In deze zaak heeft het Gerechtshof Arnhem-Leeuwarden op 26 september 2023 uitspraak gedaan in hoger beroep over de hoofdverblijfplaats en zorgregeling van de minderjarige kinderen van de ouders, die in 2008 zijn gehuwd en recentelijk zijn gescheiden. De moeder, verzoekster in het principaal hoger beroep, heeft vier grieven ingediend tegen de bestreden beschikking van de rechtbank Gelderland, waarin de hoofdverblijfplaats van de kinderen bij de vader was vastgesteld. De vader, die in incidenteel hoger beroep is gekomen, verzoekt om een wijziging in de zorgregeling en het halen en brengen van de kinderen.
De procedure in hoger beroep omvatte onder andere een mondelinge behandeling op 29 augustus 2023, waarbij beide ouders, hun advocaten en vertegenwoordigers van de betrokken instellingen aanwezig waren.
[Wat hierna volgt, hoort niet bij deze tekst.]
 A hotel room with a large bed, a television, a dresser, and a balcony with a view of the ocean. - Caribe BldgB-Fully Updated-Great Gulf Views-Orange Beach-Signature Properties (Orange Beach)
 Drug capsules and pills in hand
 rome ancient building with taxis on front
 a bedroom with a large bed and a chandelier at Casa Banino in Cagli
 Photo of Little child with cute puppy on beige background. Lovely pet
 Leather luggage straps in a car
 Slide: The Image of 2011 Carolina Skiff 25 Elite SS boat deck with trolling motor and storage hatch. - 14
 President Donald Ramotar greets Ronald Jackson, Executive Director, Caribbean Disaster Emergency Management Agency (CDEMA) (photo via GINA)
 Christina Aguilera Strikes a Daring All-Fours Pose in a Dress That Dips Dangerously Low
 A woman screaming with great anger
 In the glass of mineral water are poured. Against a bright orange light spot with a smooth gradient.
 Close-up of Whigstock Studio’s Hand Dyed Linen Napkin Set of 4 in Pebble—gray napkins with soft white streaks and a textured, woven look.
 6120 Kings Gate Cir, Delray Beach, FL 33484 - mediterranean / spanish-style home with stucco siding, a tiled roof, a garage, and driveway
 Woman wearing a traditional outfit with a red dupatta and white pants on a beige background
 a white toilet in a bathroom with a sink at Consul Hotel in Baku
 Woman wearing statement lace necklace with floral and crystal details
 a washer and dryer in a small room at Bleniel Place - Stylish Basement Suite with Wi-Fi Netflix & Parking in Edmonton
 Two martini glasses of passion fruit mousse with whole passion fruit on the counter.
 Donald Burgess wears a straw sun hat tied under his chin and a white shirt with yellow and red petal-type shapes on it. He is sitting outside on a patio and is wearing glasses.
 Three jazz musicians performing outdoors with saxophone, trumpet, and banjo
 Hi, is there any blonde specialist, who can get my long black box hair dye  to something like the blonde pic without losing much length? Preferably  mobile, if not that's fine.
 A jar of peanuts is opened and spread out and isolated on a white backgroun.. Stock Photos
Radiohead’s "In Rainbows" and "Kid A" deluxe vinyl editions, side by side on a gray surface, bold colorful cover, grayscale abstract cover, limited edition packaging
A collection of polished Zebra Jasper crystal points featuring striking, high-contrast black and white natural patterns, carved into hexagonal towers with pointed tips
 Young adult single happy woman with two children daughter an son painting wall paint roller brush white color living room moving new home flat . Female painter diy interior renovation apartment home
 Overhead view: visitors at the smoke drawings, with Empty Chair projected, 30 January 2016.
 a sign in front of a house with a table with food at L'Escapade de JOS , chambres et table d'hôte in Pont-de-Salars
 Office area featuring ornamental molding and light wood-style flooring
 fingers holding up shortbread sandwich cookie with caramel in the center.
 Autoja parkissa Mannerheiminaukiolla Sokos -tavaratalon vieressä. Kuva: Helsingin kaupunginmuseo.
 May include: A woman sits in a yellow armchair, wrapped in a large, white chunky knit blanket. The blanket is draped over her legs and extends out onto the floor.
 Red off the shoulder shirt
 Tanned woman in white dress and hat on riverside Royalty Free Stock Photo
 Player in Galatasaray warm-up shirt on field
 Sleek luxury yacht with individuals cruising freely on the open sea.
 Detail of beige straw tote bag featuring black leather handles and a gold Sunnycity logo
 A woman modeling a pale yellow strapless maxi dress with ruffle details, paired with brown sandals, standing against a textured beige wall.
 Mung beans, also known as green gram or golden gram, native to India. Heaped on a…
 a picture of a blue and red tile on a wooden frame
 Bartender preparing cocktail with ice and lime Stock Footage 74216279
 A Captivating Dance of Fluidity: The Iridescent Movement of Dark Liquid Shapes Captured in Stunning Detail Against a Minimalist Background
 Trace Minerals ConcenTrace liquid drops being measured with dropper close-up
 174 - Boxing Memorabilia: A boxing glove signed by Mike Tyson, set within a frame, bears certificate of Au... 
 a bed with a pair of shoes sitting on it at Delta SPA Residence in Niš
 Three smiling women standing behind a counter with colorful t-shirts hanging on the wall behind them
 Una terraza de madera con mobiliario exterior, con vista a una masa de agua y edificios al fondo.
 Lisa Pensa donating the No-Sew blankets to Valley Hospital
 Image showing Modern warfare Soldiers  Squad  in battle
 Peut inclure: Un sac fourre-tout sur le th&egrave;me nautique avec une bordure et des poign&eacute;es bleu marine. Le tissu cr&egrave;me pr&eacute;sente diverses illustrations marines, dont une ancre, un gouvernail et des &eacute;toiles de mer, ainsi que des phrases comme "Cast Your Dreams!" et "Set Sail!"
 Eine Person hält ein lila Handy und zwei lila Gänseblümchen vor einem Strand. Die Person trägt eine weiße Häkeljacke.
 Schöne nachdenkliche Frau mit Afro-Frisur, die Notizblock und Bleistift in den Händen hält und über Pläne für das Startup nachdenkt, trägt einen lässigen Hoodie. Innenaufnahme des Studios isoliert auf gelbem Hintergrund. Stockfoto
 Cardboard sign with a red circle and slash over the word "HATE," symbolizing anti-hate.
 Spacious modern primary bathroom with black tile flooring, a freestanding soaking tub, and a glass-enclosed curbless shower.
De ouders hebben samen het gezag over de kinderen, en de rechtbank had eerder een ondertoezichtstelling en uithuisplaatsing van de kinderen vastgesteld. Het hof heeft de belangen van de kinderen vooropgesteld en geconcludeerd dat een wijziging van de hoofdverblijfplaats niet in hun belang is, gezien de stabiliteit die zij bij de vader hebben gevonden na een periode van onrust.
Het hof heeft de grieven van de moeder verworpen en de bestreden beschikking bekrachtigd, waarbij de hoofdverblijfplaats van de kinderen bij de vader blijft en de zorgregeling niet wordt gewijzigd. De beslissing is uitvoerbaar bij voorraad verklaard. Het hof heeft benadrukt dat de GI verantwoordelijk is voor de verdere begeleiding en evaluatie van de zorgregeling.